WORK ITEM:
Once you have found the line with "Timber Recliner-1950575454-1950573912-1950573197" in the records below, retype it and every line after it to the end exactly, with no pictures and nothing more.

MATERIAL SHOWN:
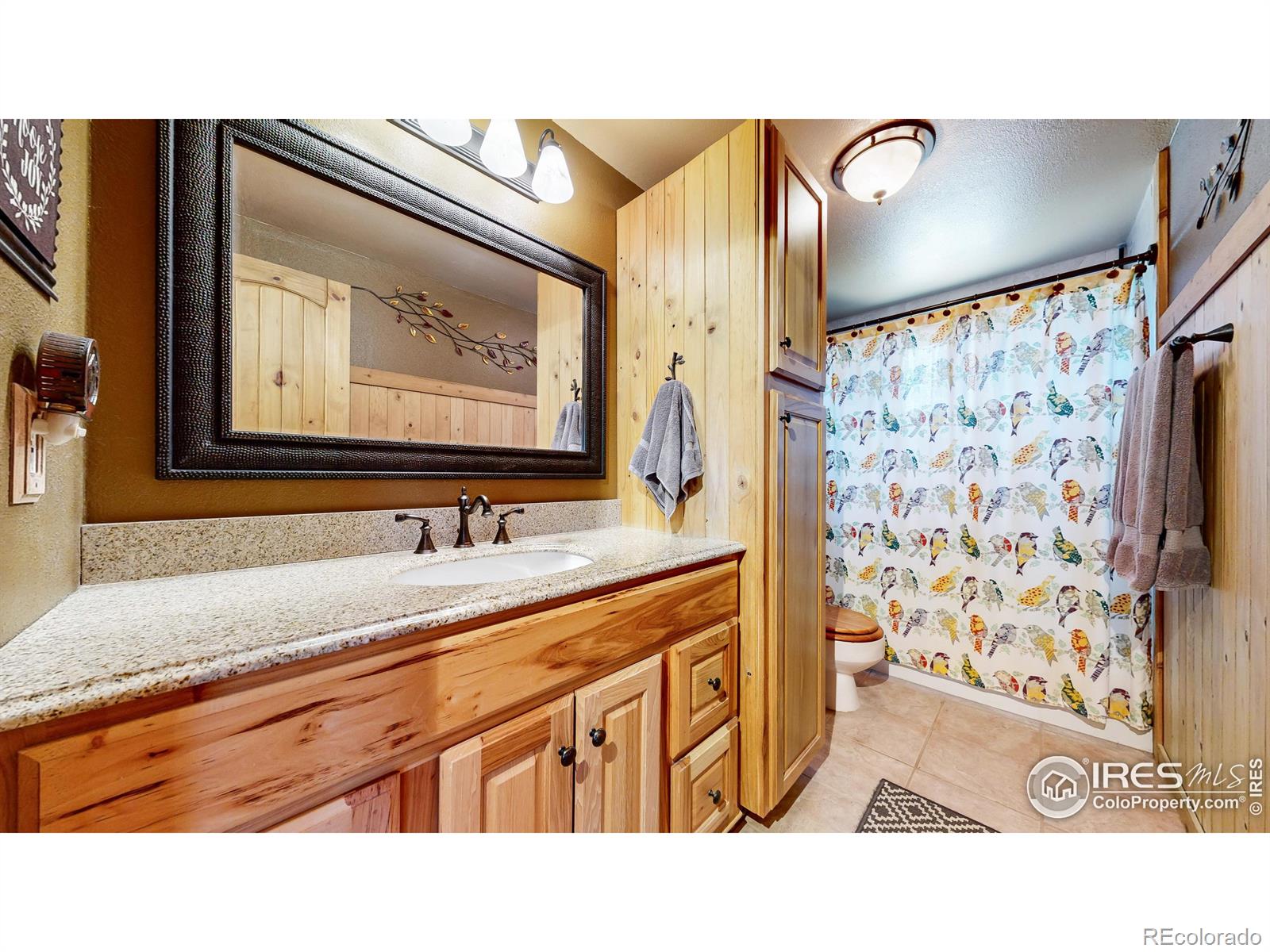 MLS Image #25 for 104  gerry drive,loveland, Colorado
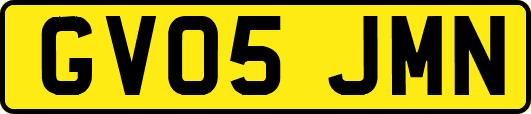 GV05JMN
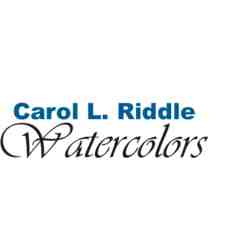 Carol L. Riddle
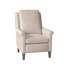 Timber Recliner-1950575454-1950573912-1950573197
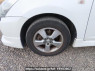 Used 2004 AT toyota wish ZNE10G Image[34]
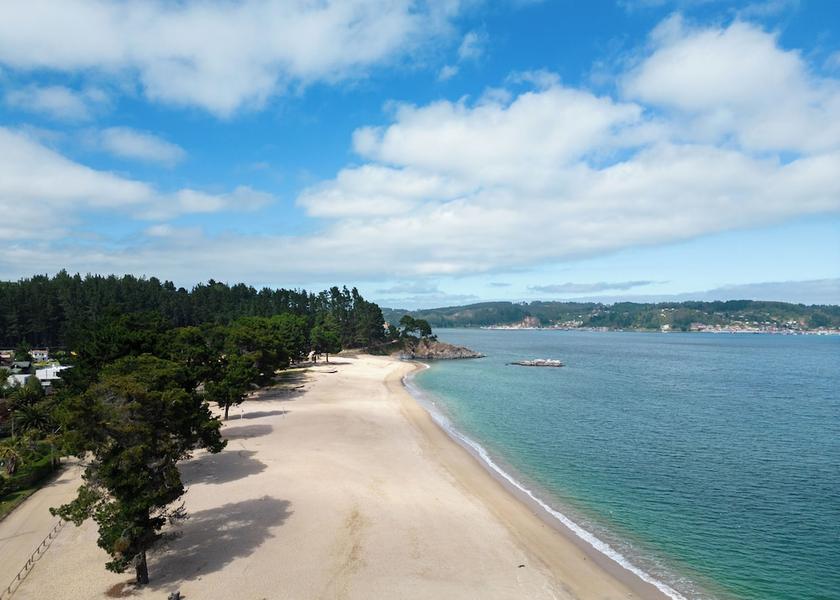  Concepcion Beach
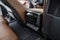 2025 Acura MDX Technology Package SH-AWD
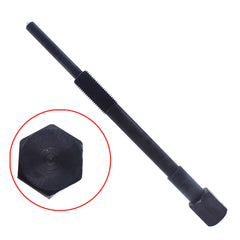 Primary Clutch Puller Tool For CAN-AM Outlander Renegade 400 500 800 2007-2014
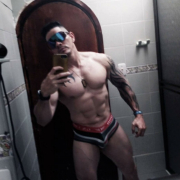 Jhony_Gym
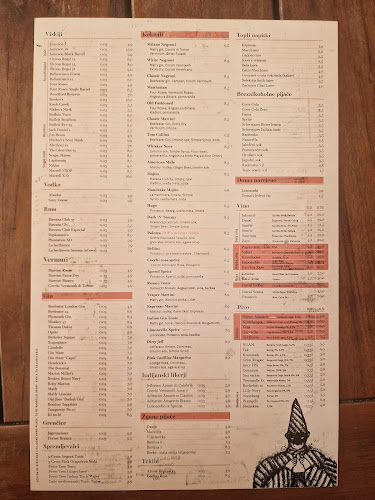 Breg 2, 1000 Ljubljana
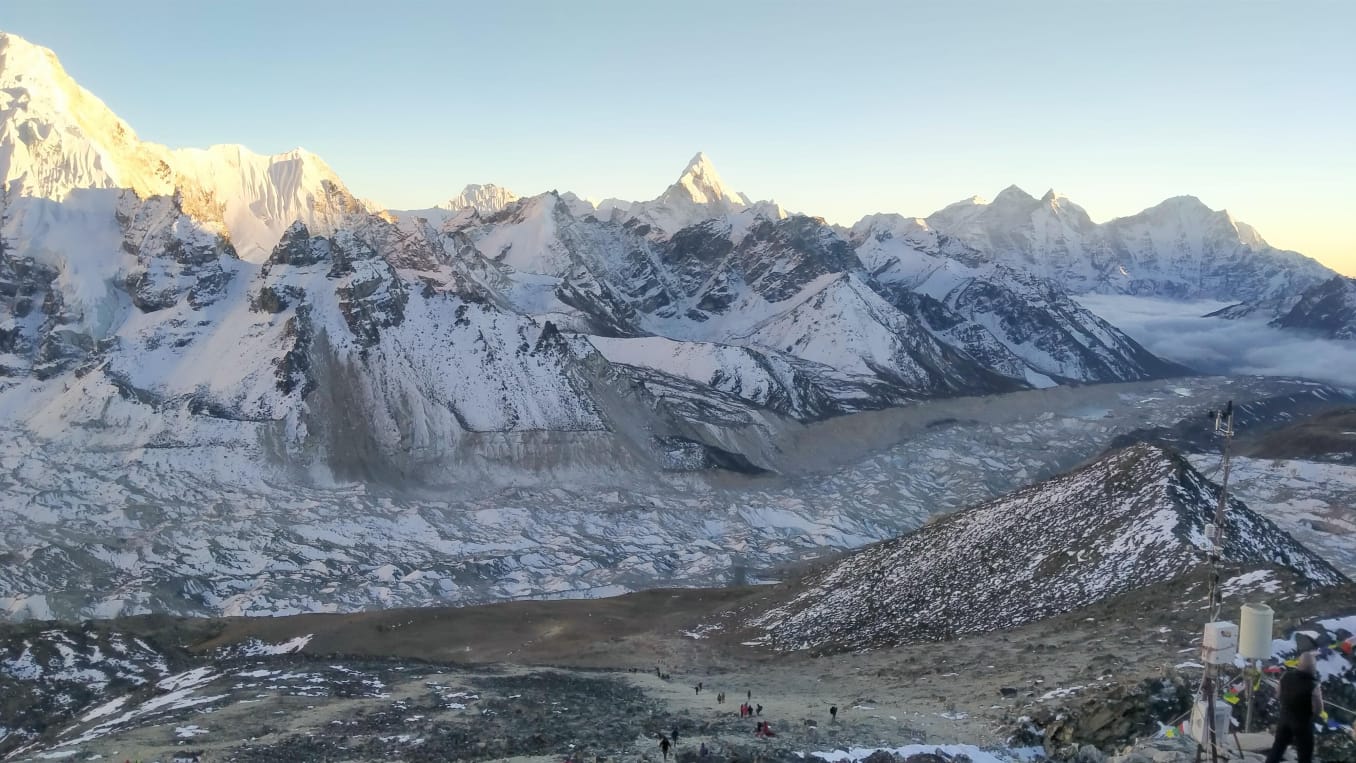 kala-patthar-everest-view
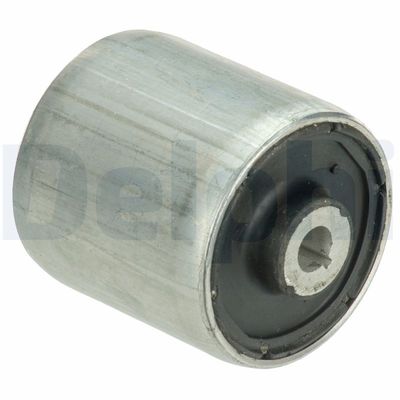 Mounting, control/trailing arm DELPHI TD1638W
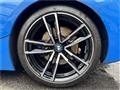 2019 BMW Z4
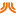 Hostnamaste.com Favicon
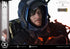 『DEATH STRANDING 2: ON THE BEACH』リアルエリートマスターライン サム DX版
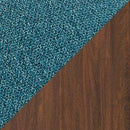 Lyncott Counter Height Bar Stool (Set of 2)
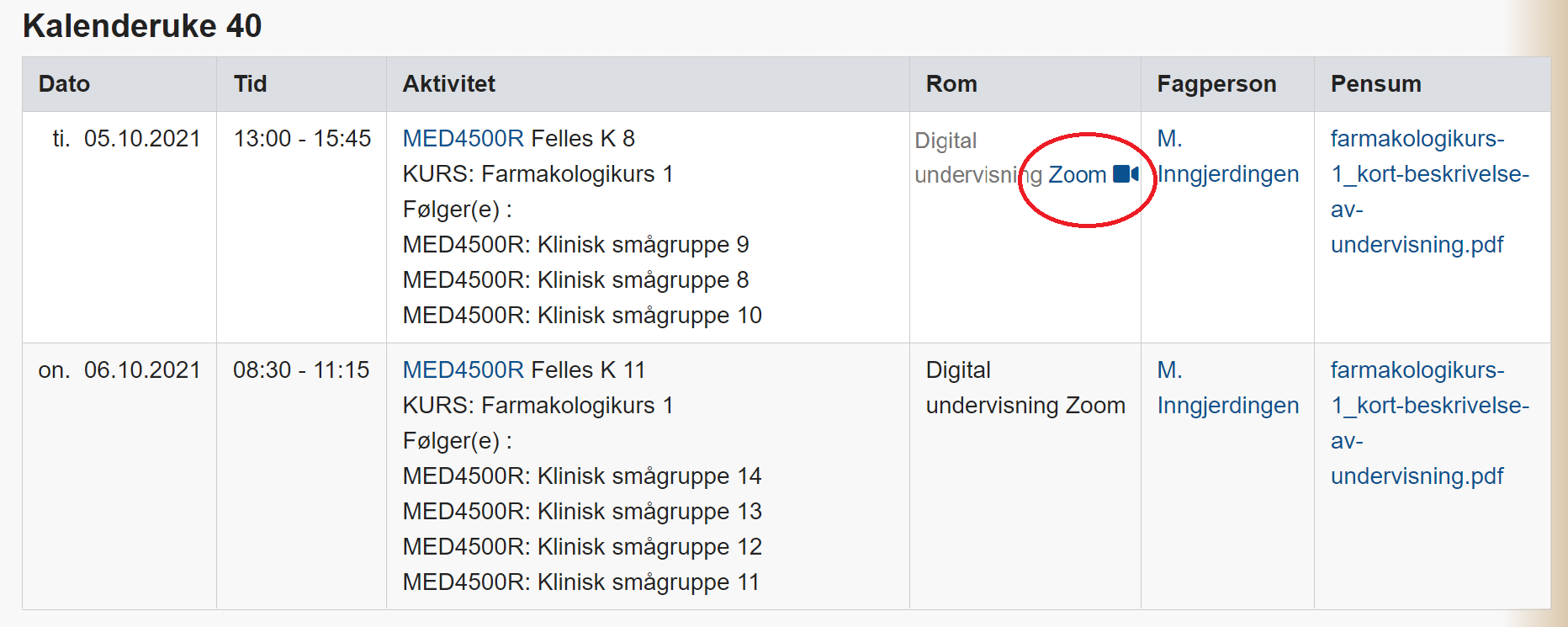 Bildet kan inneholde: produkt, gjøre, rektangel, skjermdump, parallell.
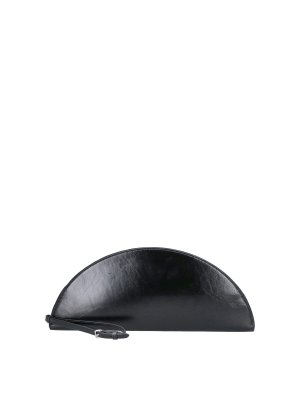 Maison Margiela: Clutch - Pochette - Four Stitches
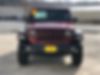 1C4GJXAN6MW615461-2021-jeep-wrangler-2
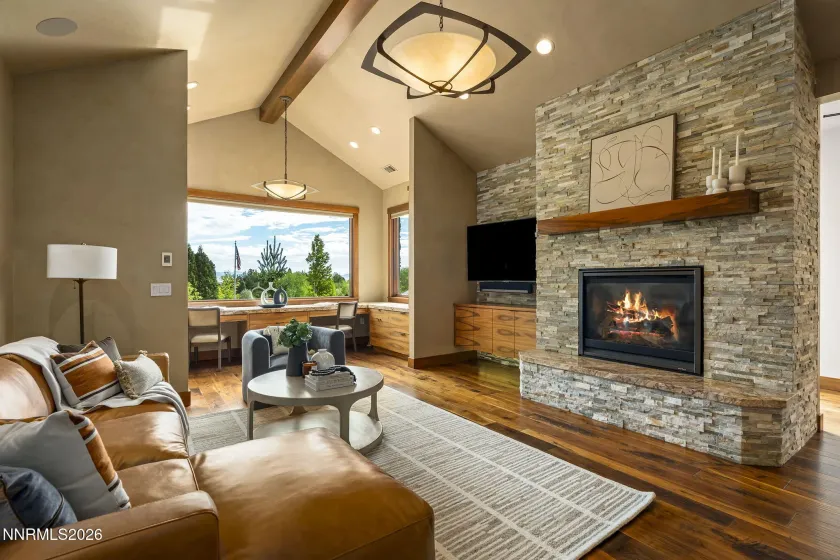 792 Aspen, Reno, Nevada 89519, 7 Bedrooms Bedrooms, ,8 BathroomsBathrooms,Residential,Residential,Aspen,0,260012025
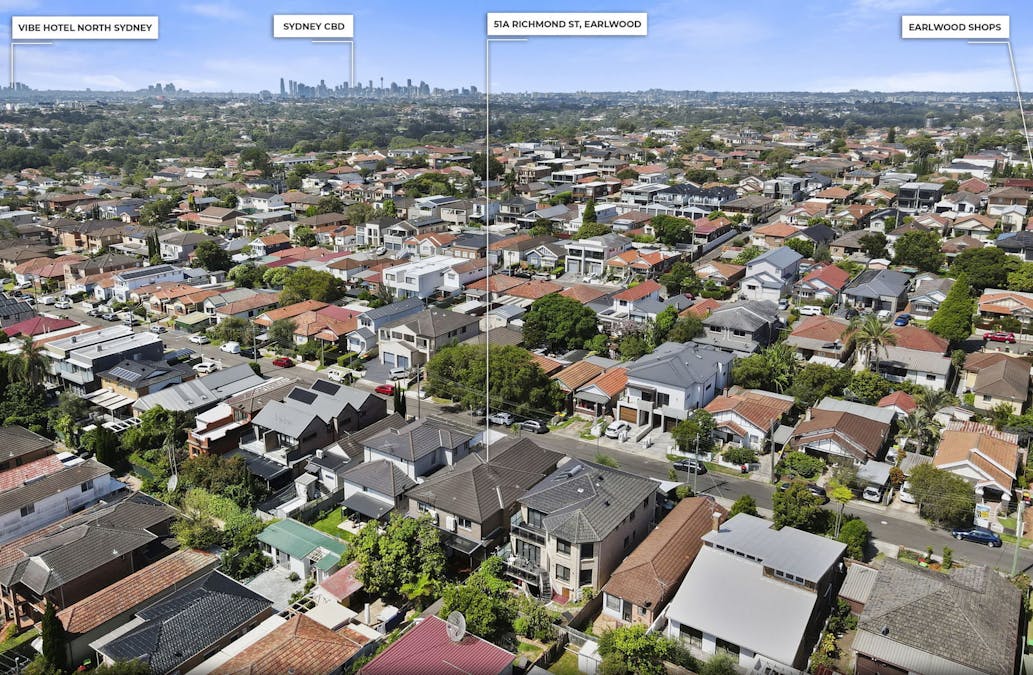 51A Richmond Street, Earlwood, NSW, 2206 - Image 17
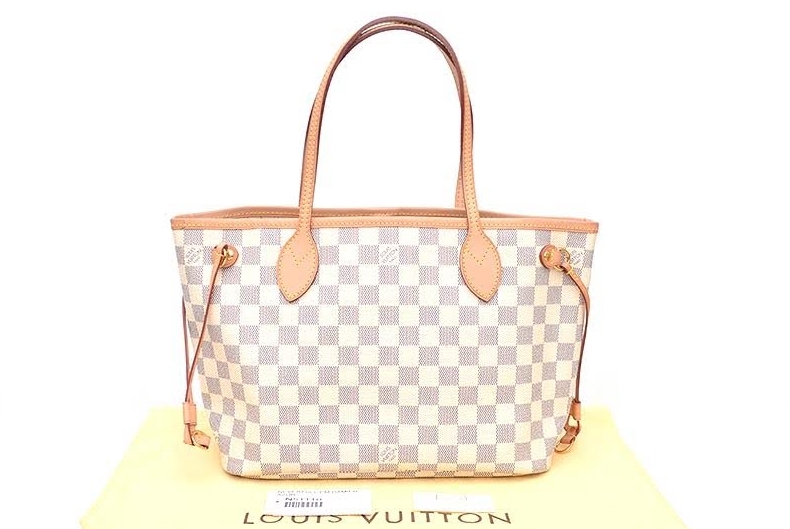รับจำนำกระเป๋า MCM ได้เงินสด ไถ่คืนได้ภายหลัง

FINISHED EXERCISE:
 Timber Recliner-1950575454-1950573912-1950573197
 Used 2004 AT toyota wish ZNE10G Image[34]
  Concepcion Beach
 2025 Acura MDX Technology Package SH-AWD
 Primary Clutch Puller Tool For CAN-AM Outlander Renegade 400 500 800 2007-2014
 Jhony_Gym
 Breg 2, 1000 Ljubljana
 kala-patthar-everest-view
 Mounting, control/trailing arm DELPHI TD1638W
 2019 BMW Z4
 Hostnamaste.com Favicon
 『DEATH STRANDING 2: ON THE BEACH』リアルエリートマスターライン サム DX版
 Lyncott Counter Height Bar Stool (Set of 2)
 Bildet kan inneholde: produkt, gjøre, rektangel, skjermdump, parallell.
 Maison Margiela: Clutch - Pochette - Four Stitches
 1C4GJXAN6MW615461-2021-jeep-wrangler-2
 792 Aspen, Reno, Nevada 89519, 7 Bedrooms Bedrooms, ,8 BathroomsBathrooms,Residential,Residential,Aspen,0,260012025
 51A Richmond Street, Earlwood, NSW, 2206 - Image 17
รับจำนำกระเป๋า MCM ได้เงินสด ไถ่คืนได้ภายหลัง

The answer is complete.